DevOps Runbook Writing
Runbook purpose, step completeness, headers, decision branches, and escalation
Runbook writing essentials
- Purpose: step-by-step procedures for known incidents — executable by any on-call engineer at 3am
- Step formula: exact command + expected healthy output + decision branch for each outcome
- Header: trigger alert + severity + ETA + escalation contact if runbook fails
- Decision branches: "if X → go to step N; if Y → escalate to @person"
- Runbooks handle the top 80%; escalation IS the answer for unknown failure modes
Question 0 of 5
What is the primary purpose of a DevOps runbook?
Step-by-step procedures for known incidents and routine tasks — executable by any on-call engineer. Runbook vs. other docs:
- Runbook: "Here is what to do when X happens" — operational, action-oriented, present-tense
- Architecture doc: "Here is how the system is designed" — educational, explanatory
- Post-mortem: "Here is what happened and why" — retrospective
Which runbook step is written most effectively?
Exact command + expected output + decision branch for each outcome. Runbook step formula:
- What to check: "Check database connection"
- Exact command:
psql -U app_user -h db.internal -d production -c "SELECT 1;" - Healthy output: "if it returns '1 row', the connection is healthy"
- Unhealthy path: "if it returns 'Connection refused', proceed to Step 4"
What should appear at the top of every runbook?
Trigger + severity + ETA + escalation — the on-call engineer reads this first. Runbook header template:
- Service: payment-service
- Triggers: Alert "PaymentServiceHighLatency" (p99 > 2s for 5 min), or alert "PaymentServiceDown"
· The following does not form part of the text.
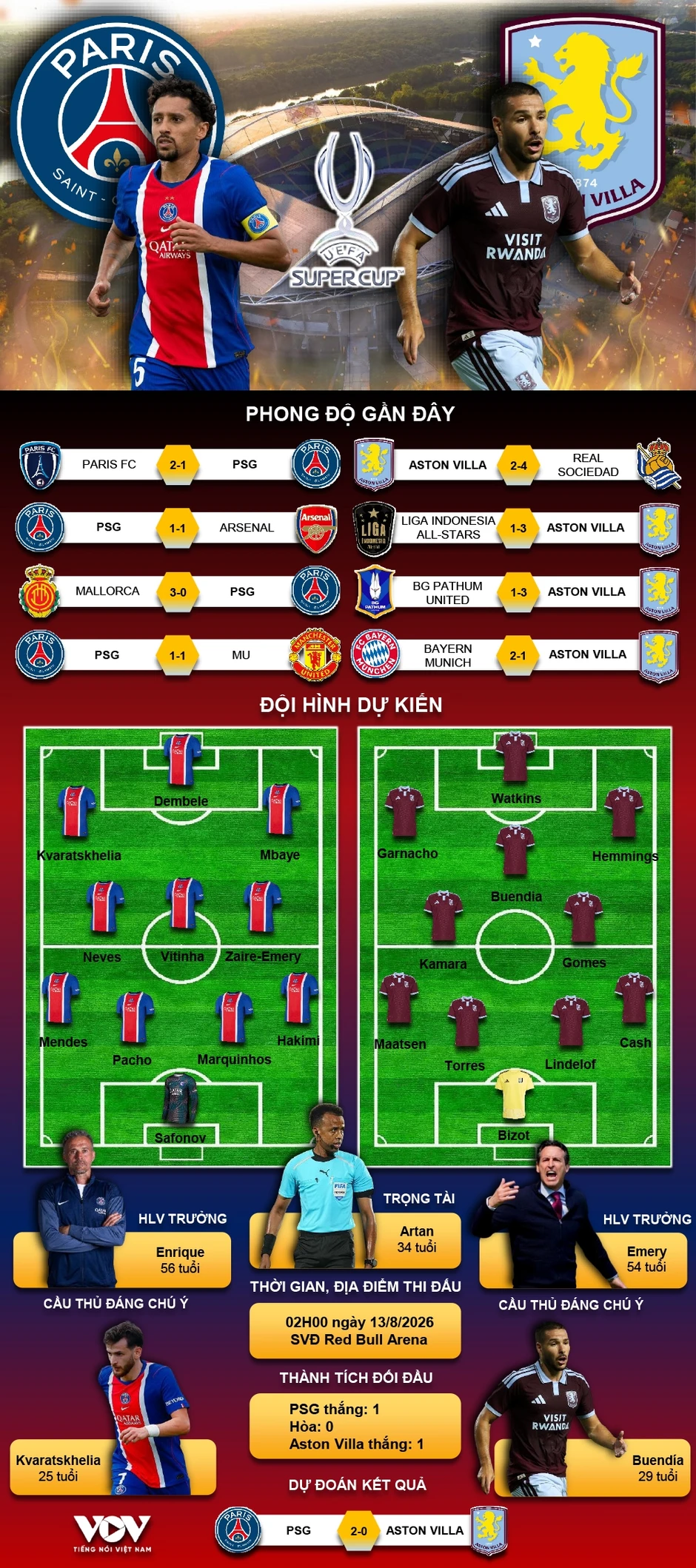 Trực tiếp PSG 0-0 Aston Villa: Kịch tính Siêu Cúp châu Âu 2026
- Severity: SEV-1 (customer-facing, revenue impact)
- Estimated resolution time: 15–30 minutes for known causes; escalate if not resolved in 30 min
- Escalation: Page @payments-oncall-lead, then @cto if unresolved in 45 min
A runbook step says: "Scale up the service." Why is this insufficient for a production runbook?
Missing: exact command + from→to target + verification + side effects. Complete scaling step:
- ❌ "Scale up the service."
- ✅ "Scale the payment-service from 3 to 6 instances:
kubectl scale deployment payment-service --replicas=6 -n production
Verify:kubectl get pods -n production -l app=payment-service— wait until all 6 pods show STATUS: Running (typically 2–3 minutes).
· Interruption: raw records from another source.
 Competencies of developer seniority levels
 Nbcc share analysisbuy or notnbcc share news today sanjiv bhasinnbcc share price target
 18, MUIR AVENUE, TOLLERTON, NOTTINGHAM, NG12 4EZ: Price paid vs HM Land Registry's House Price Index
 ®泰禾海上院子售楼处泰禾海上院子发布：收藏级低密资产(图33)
Cost impact: scaling from 3→6 increases AWS costs by ~$180/day. Notify #on-call-costs Slack channel.
Undo: scale back to 3 after incident resolves."
What is the best way to handle a situation in a runbook where the engineer reaches a step that does not resolve the issue?
Decision branches at each step + explicit escalation path. Runbook decision structure:
- Step 3: Restart the payment-service pod
→ If latency returns to normal → ✅ Resolved. File incident report in PagerDuty.
→ If latency is still elevated → Go to Step 4. - Step 4: Check downstream dependencies (Stripe API, database)
→ If Stripe API is degraded → Go to "Stripe Outage Runbook" (link)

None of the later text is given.